RE: possible use of test assertions in defining/expressing requirements?

Hi Detlev and all EvalTF

Detlev, I really appreciated the work you went through to explain your point.  I couldn't agree more.  I think that any methodology will have this issue at its core.  When does a page pass or fail - based on a single severe instance of not meeting the criteria, lots of small instances, etc.  It can get really subjective on the part of the evaluator.  We also have to look at the alternative techniques the developers have used to address the SC and I think also look at the intent of the developers to meet the criteria.  I like the idea of a percentage of compliance for each principle or SC.  If you can tell a website owner that they have met 90% of a certain principle, he/she will be able to understand this and want to know where the other 10% have gone. IMHO


Regards

Vivienne L. Conway
________________________________________
From: public-wai-evaltf-request@w3.org [public-wai-evaltf-request@w3.org] On Behalf Of fischer@dias.de [fischer@dias.de]
Sent: Tuesday, 30 August 2011 4:19 AM
To: public-wai-evaltf@w3.org
Subject: Re: possible use of test assertions in defining/expressing   requirements?
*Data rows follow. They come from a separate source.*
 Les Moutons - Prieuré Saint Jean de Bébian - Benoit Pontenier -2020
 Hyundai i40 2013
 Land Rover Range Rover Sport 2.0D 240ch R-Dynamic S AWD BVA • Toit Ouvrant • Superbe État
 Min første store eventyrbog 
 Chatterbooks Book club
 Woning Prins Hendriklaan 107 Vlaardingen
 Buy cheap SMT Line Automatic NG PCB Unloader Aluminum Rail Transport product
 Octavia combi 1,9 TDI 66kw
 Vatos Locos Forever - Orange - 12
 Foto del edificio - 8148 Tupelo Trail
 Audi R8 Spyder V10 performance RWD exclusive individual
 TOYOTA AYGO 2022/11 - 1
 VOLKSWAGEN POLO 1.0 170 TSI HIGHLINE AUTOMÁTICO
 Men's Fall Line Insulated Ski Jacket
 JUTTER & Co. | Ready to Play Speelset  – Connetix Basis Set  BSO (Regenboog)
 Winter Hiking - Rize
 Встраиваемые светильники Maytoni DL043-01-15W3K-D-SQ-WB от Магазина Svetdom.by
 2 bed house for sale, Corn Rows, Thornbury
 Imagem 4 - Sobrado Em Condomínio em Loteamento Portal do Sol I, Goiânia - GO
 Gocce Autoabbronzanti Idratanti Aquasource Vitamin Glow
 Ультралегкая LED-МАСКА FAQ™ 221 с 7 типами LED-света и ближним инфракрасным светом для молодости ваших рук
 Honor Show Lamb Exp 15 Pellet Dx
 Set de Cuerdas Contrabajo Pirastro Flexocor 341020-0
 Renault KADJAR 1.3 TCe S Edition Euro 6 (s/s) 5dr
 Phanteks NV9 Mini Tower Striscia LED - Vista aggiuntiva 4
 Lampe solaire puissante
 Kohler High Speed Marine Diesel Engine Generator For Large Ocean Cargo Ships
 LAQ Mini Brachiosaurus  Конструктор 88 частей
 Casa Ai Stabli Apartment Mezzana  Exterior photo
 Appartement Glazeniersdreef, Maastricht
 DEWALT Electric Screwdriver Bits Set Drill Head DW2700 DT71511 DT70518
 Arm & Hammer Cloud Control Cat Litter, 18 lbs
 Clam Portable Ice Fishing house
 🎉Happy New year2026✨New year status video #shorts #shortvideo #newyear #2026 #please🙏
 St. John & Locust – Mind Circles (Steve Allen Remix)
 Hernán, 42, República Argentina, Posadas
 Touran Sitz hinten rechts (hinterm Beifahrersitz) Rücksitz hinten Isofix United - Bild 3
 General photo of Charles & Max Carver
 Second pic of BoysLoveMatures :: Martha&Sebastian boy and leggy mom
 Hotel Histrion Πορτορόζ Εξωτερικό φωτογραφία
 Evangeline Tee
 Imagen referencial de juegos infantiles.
Quoting "Boland Jr, Frederick E." <frederick.boland@nist.gov>:

> A possible resource for use at some stage of our work - use of test
> assertions (for example, as a technique for expressing any
> requirements we develop as we were discussing at the last
> teleconference) - (although it's primarily designed for
> specification development, may have some applicability/usefulness to
> us?)
>
> A resource link is:
> http://www.oasis-open.org/committees/tc_home.php?wg_abbrev=tag#technical
>
> Thanks and best wishes
> Tim Boland NIST

Hi Tim, thanks for pointing to the the OASIS Test Assertions
Guidelines Version 1.0 ( http://url.ie/cz6z ). I have tried to related
the approach to the pragmatic context of accessibility evaluation of
one of these sites out there.

I think this is a good document when considering the usefulness and
also the limitations of a formal test procedure linking the
specification (in our case WCAG 2.0) to the test case (in our case,
complex and often somewhat unruly and/or difficult-to-pin-down web
pages) via some test assertion involving the target (page, or instance
on the page), the prerequisite (prior conditions / dependencies that
may apply to the test), the predicate describing the feature tested,
and finally the outcome TRUE or FALSE depending on whether the Target
is said to fulfil the Normative Statement addressed by the Test
Assertion.

Now, what will that mean when we test a page for a particular SC or a
part thereof?

In many cases, we have multiple instances on the page to be tested
against the predicate. Take images, once more. Here, the tester has to
assert image by image whether the target fulfils SC 1.1.1 or not ? for
example, he or she will consider whether the alt text ?letterbox? is
TRUE or FALSE for an icon linking to the contact form. This is the
first problem. In our experience, no amount of training will lead to
the exact same judgement here, especially if it has to be as coarse as
TRUE or FALSE. Some will argue that ?letterbox? is not only correct in
representing the object depicted, but also a well-known metaphor for
contact, ?write to us?, and therefore fine. Others will insist on the
correct identification of the function behind the icon. (An aside:
Even with a prescription as clear as requiring an alt text for each
image (bar decorative ones), we will have some people arguing that the
SC is actually met because they have put a title on the image or the
link around it, and modern screen readers will read that title in the
absence of the alt text ? so where is the problem?)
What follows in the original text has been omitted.